Table 2 lists some disorders in which there are cross-reacting immunological factors that connect a micro-organism with a disease. Moreover, not only can we demonstrate the recognition of a specific micro-organism by the immune system, but these disorders can be treated with or prevented by antibiotics and antiviral agents, the later in combination with immune manipulation.

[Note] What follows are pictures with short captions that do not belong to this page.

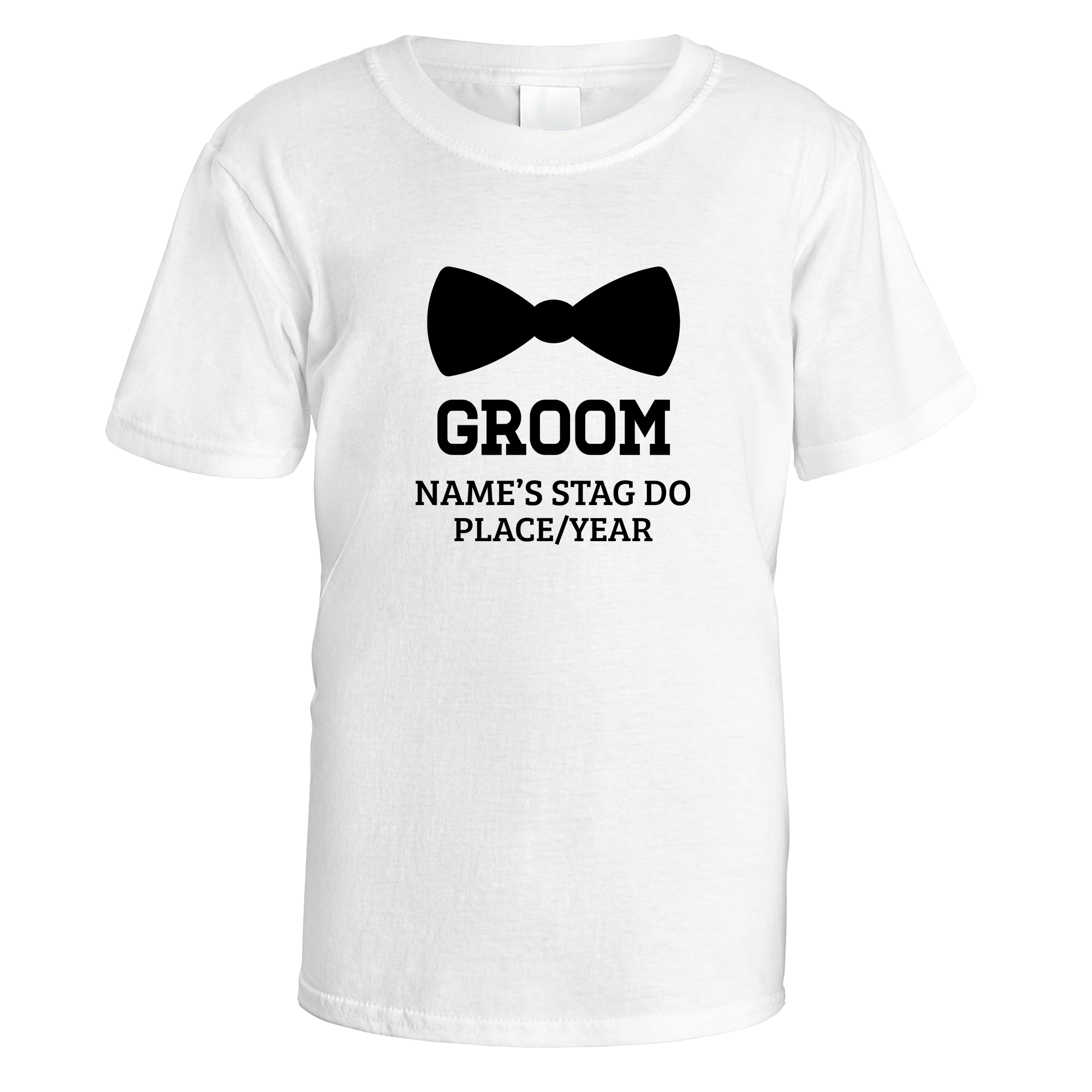 Groom Bow Tie Stag Do T-Shirt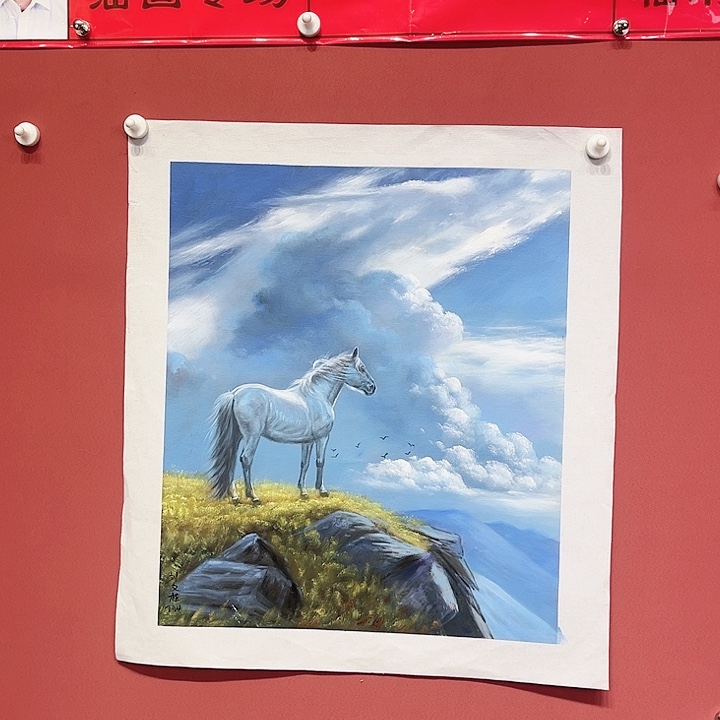 油画草**马刘文桂老师油画朵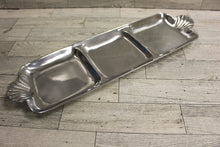 Load image into Gallery viewer, Handmade Peltrina Serving Platter Tray Dish - 3 Sections - 80-7047 - Used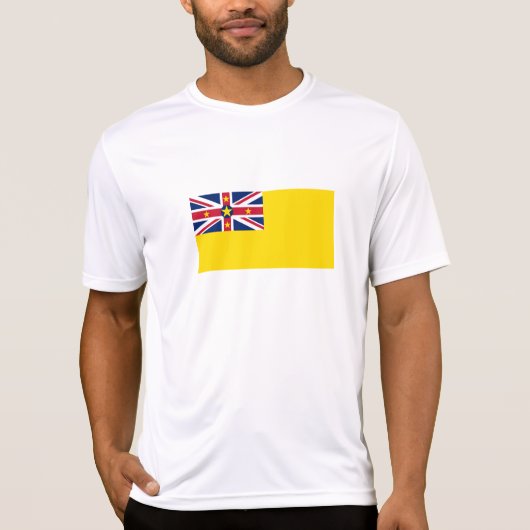 Niue Flag T-shirt (Voorkant)
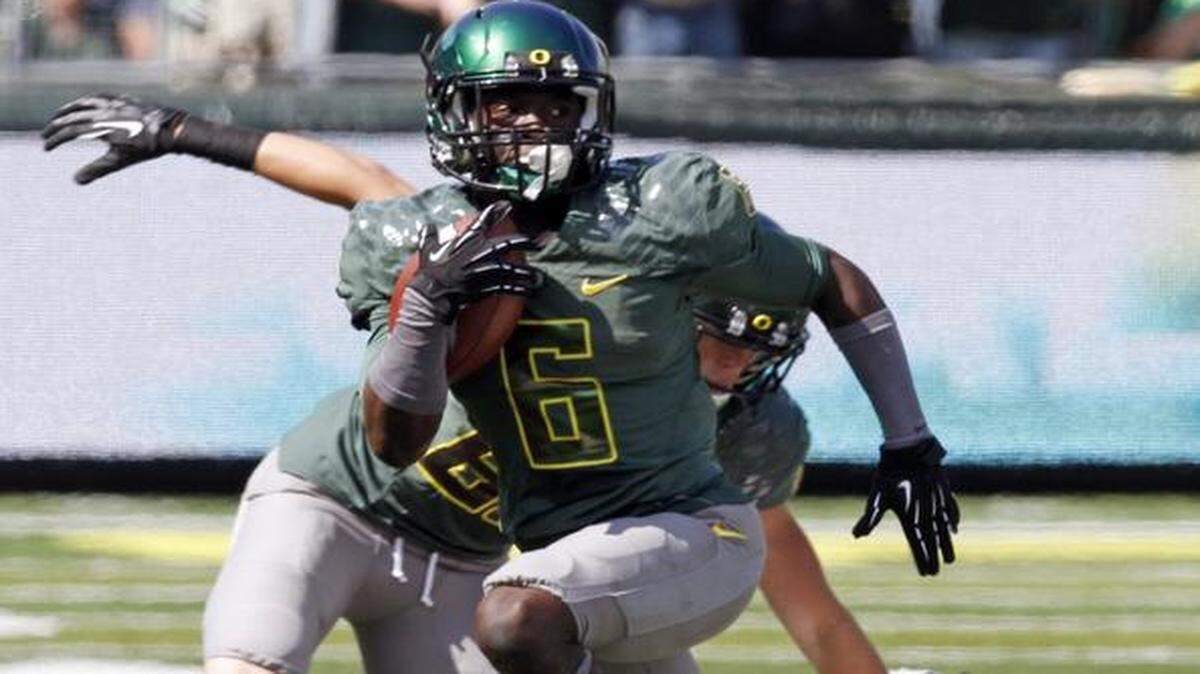 
The Chiefs will get a better look at De’Anthony Thomas during minicamp.
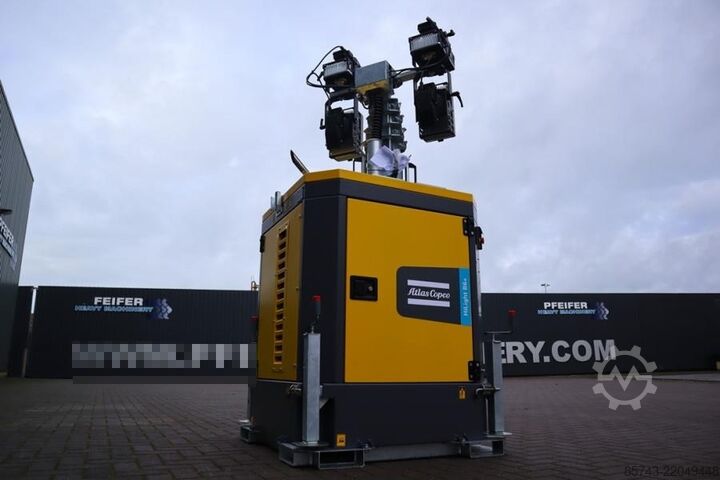 Light tower Atlas Copco Hilight B6+ KD Valid inspection, Max Boom Height 8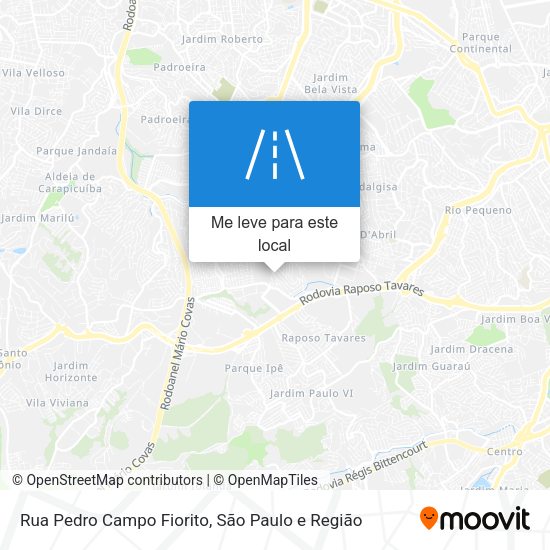 Rua Pedro Campo Fiorito mapa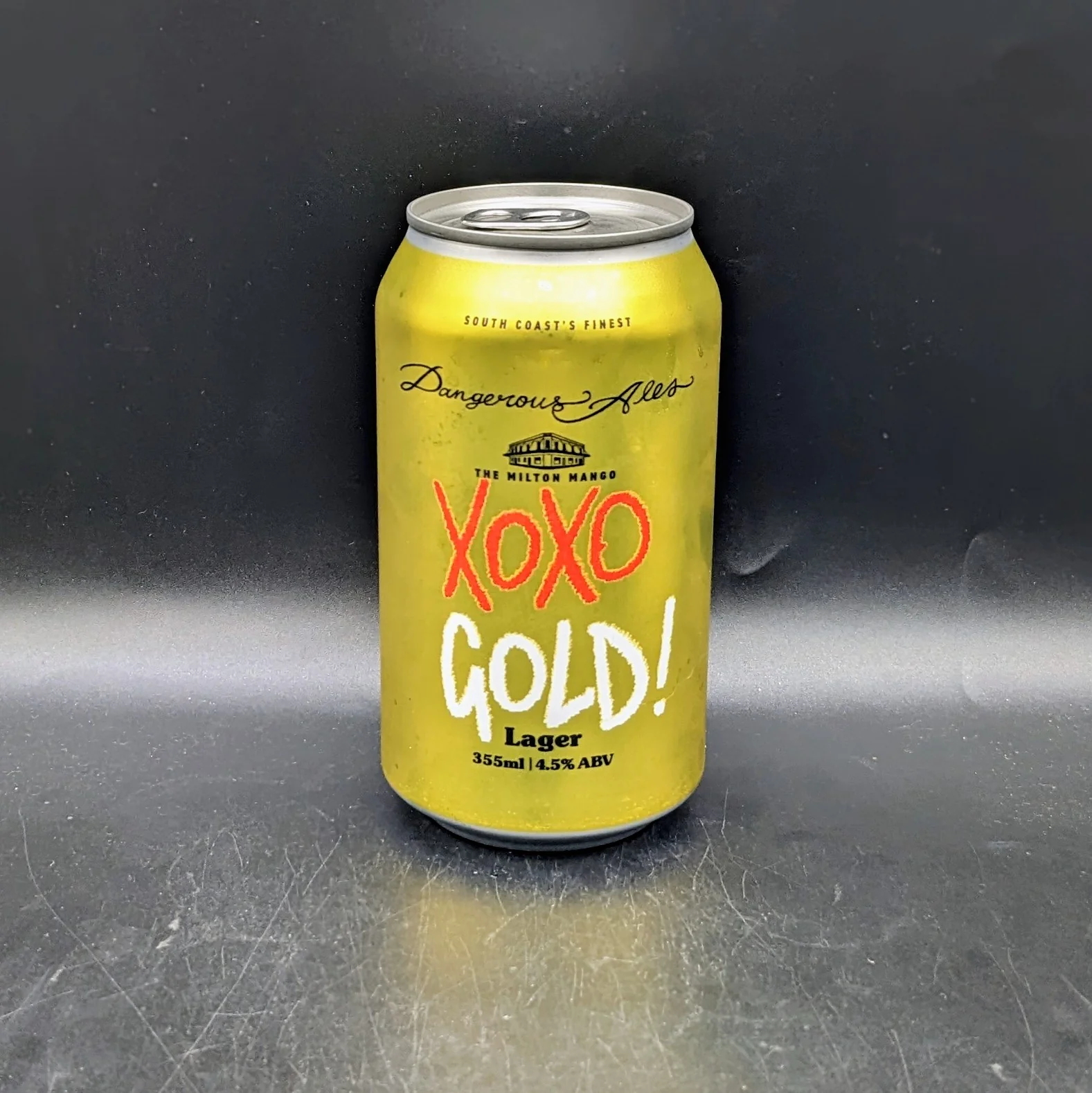 Dangerous Ales The Milton Mango XOXO – Gold Lager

Lyme disease is responsive to antibiotics such as doxycycline; suppression of group B beta hemolytic streptococci using penicillin can prevent rheumatic fever recurrence; polyarteritis nodosa triggered by hepatitis B can be successfully controlled with a combination of antiviral agents, plasmapheresis, and a short course of corticosteroids; Whipple's disease is treatable with antibiotics; and the systemic disease associated with hepatitis C–triggered mixed cryoglobulinemia is controlled with antiviral drugs (5).

TABLE 2.

Human Organ-specific Autoimmune Diseases With Its Microbial Trigger (5)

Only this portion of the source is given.